What you will do: Nothing should appear in the answer except the lines from the one with "BSEED Zigbee-s okos" through the end of the listing below, transcribed exactly and without pictures.

Start of Block

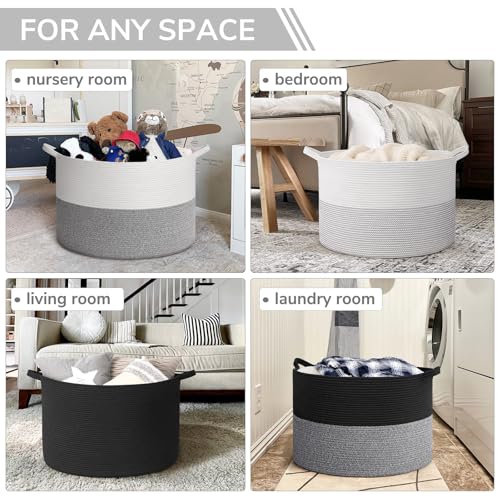 INDRESSME 115L Extra Large Blanket Basket, Cotton Rope Toy Baskets Storage Kids Toy Bin for Playroom Decor Woven Baby Laundry Basket for Organizing, Black Stitch - color: White, size: 23.6"D x 15.7"H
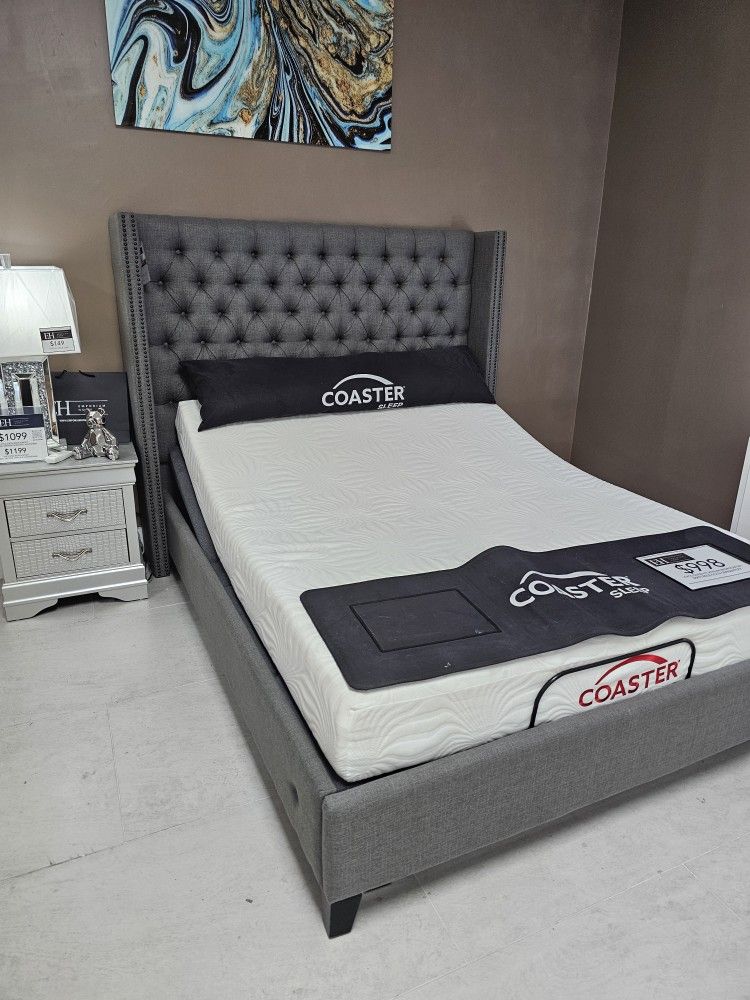 Queen Bed Grey Tufted Linen Display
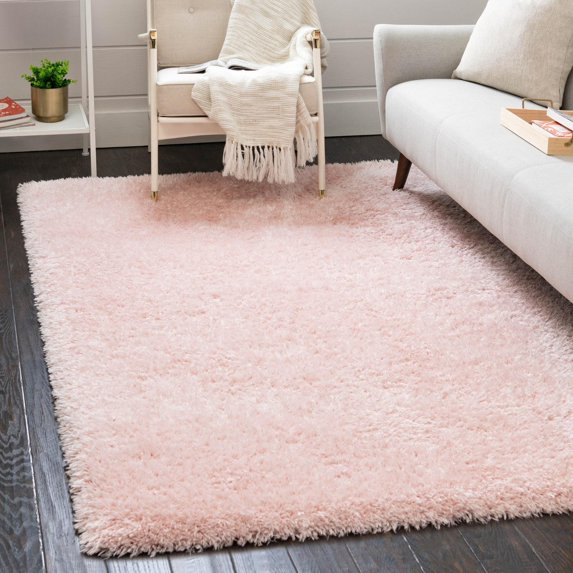 Infinity Collection Solid Shag Area Rug by Rugs.com – Pink 3' 3" x 5' 3" High-Pile Plush Shag Rug Perfect for Entryways, Bedrooms, Living Rooms and More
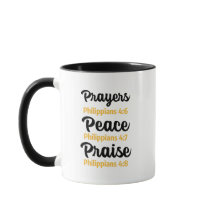 Taza Philippians 4:6-8 Oraciones, Paz, Alabanza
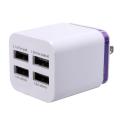 4 USB Home Wall Power Charger Adapter For iphone Samsung ipod S3 S4 Purple. 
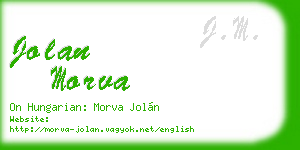 jolan morva business card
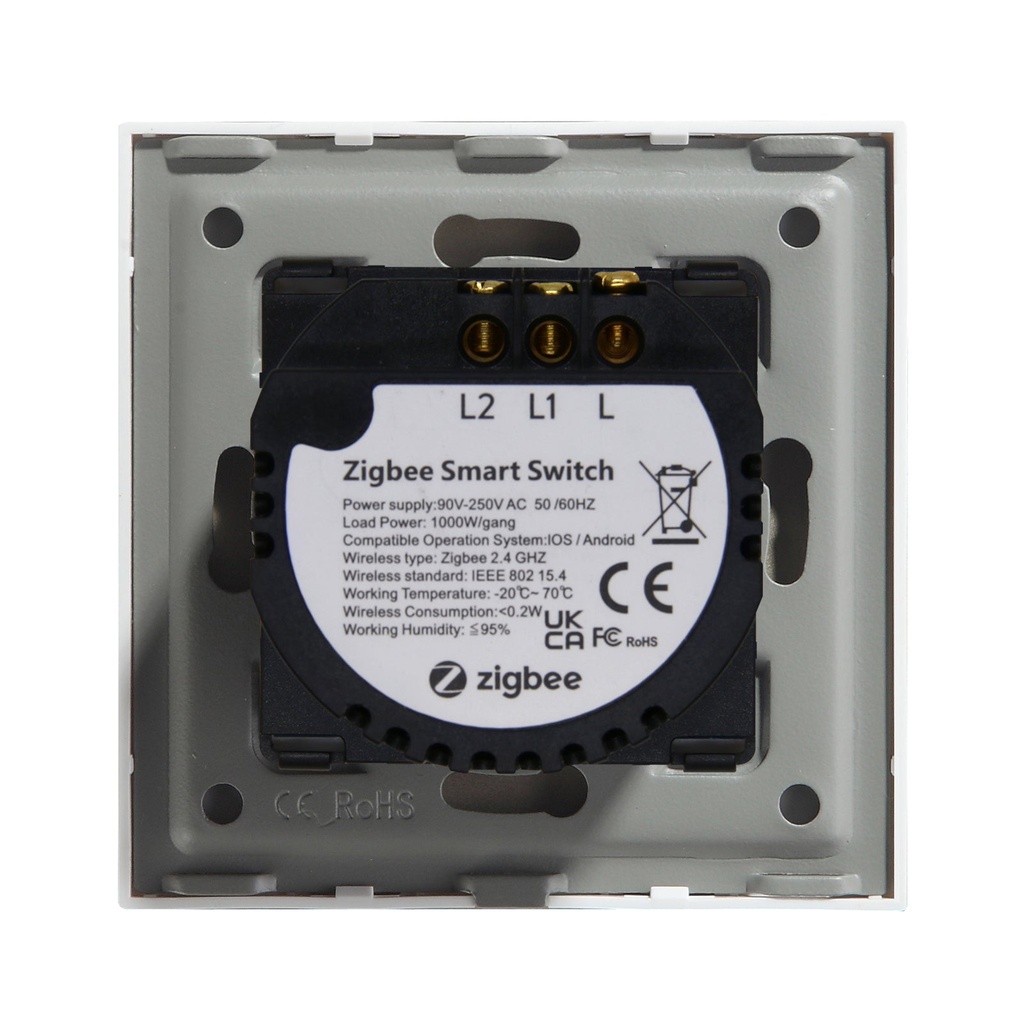 BSEED Zigbee-s okos villanykapcsoló (nullvezeték nélkül), üveg előlap 17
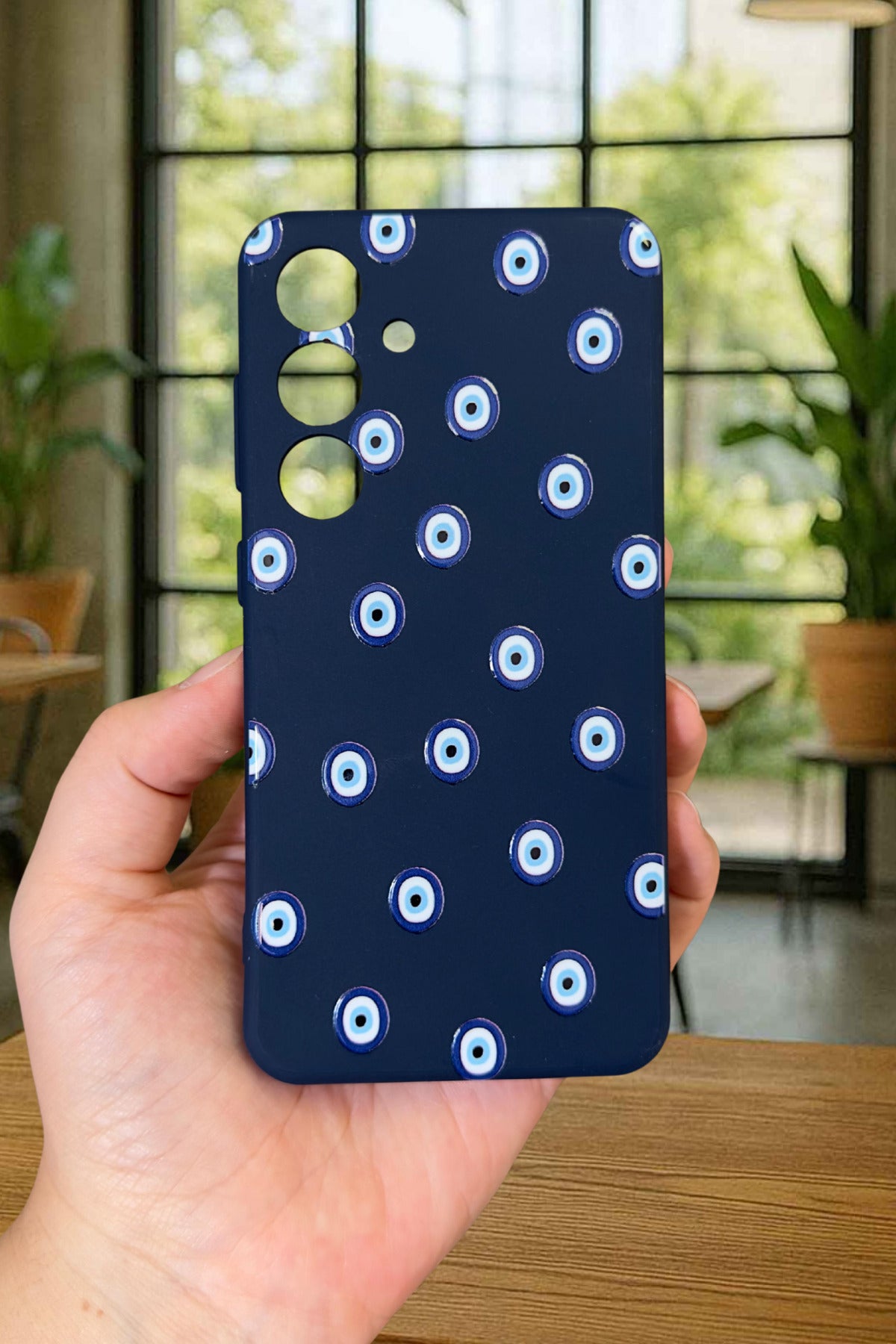 Samsung Galaxy S24- NAZAR BONCUK DESENLİ Silikon Darbe Emici Klasik Korumalı Rubber Kılıf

End of Block

Exercise answer:
 BSEED Zigbee-s okos villanykapcsoló (nullvezeték nélkül), üveg előlap 17
 Samsung Galaxy S24- NAZAR BONCUK DESENLİ Silikon Darbe Emici Klasik Korumalı Rubber Kılıf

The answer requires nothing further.